Entering a door a man can show good manners by allowing ladies through first (unless it trying to get on MARTA or something!!) or by holding the door open for a woman or the elderly. (Again this is considered “old fashioned” by the few women who insist that women be treated equally with males in all things, and you just might get into trouble”.)
Many people wear caps these days. They are still hats and fit the general rule: Men remove their hats when entering a building; women may or may not remove theirs.
Handshakes should be firm…but not bone crushing. Men stand to shake hands, women, if they are seated, may remain seated and shake. To be really technical, a lady must offer her hand to the man but not the opposite….but almost no one remembers this rule anymore; it’s sort of like the hat rule!!
If you have doubts how to dress for something, call and ask your host. If they say “casual dress”, just dress neatly in clean clothes that you would wear daily to class. [Take advantage of being around your hosts and observe how they dress so you will get an idea of how to dress the next time you are invited out].
In the event the event is “formal” men should wear a tie and/or jacket. Ladies will be dressed in dresses rather than slacks. Although they might not remind you, men wear dark socks with dark shoes on formal occasions.
Taxes are added to most items at the point of sale. This applies to food served in a restaurant. The rate of this “sales tax” varies from county to county but is usually about 8 % in the Charlote area.
Work is considered noble in the U.S. (believe it or not) and the person working at the lowest paid job is a valuable human being. It is important to always be polite and courteous to all persons.

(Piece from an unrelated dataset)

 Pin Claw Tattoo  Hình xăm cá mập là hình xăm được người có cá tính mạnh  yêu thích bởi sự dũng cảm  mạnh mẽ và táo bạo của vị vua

Telephone calls are private conservations. If you have a cell phone it is NOT good manners to take calls in restaurants, movies, church, etc. If you just absolutely have to talk to someone, excuse yourself and go somewhere that you will not bother others.
Smoking is a dying habit in the U.S. Many building and businesses are smoke free environments. If you smoke, you should check to see if it is permissible. In some instances it is against the law and you could get into trouble.
You may be offered beer or wine or “whiskey”. They are all alcohol with the percent of alcohol being higher as you go from beer to whiskey. Many Americans do not drink and it is proper to ask for a soft drink, tea, or water instead.
DO NOT drink and then try to drive a car nor should you ride with anyone who has been drinking.
In North Carolina you MUST wear a seat belt in the car if it is moving. It is against the law to not do so.
You will see signs that advertise YARD SALE (or Garage Sale or Estate Sale). No one is really selling the yard or the garage! Instead, it a way to sell items that someone no longer needs. These sales are very informal and a good way to buy everything from beds and furniture to pots and clothing. All prices are negotiable and there is no sales tax (except in a very few instances where a professional company is conducting the sale). Check things out carefully before offering a price. These sales usually take place on weekends.
Police officers are friendly. If you need assistance do not be afraid to call on them.
Credit cards are everywhere. Applications are readily available and there are many offers that come via the mail. One special target for the companies is students. Be very careful in applying for a card. While they are good in the event of an emergency it is possible to encounter a large debt very rapidly. The interest rates are high and if you get a card try to pay off the entire balance each month.
American terms you might want to know
Dutch treat – Each person pays for their own food, drink, entertainment, etc.
B.Y.O.B. – Bring your own bottle. Usually in connection with an occasion where there is alcohol being served.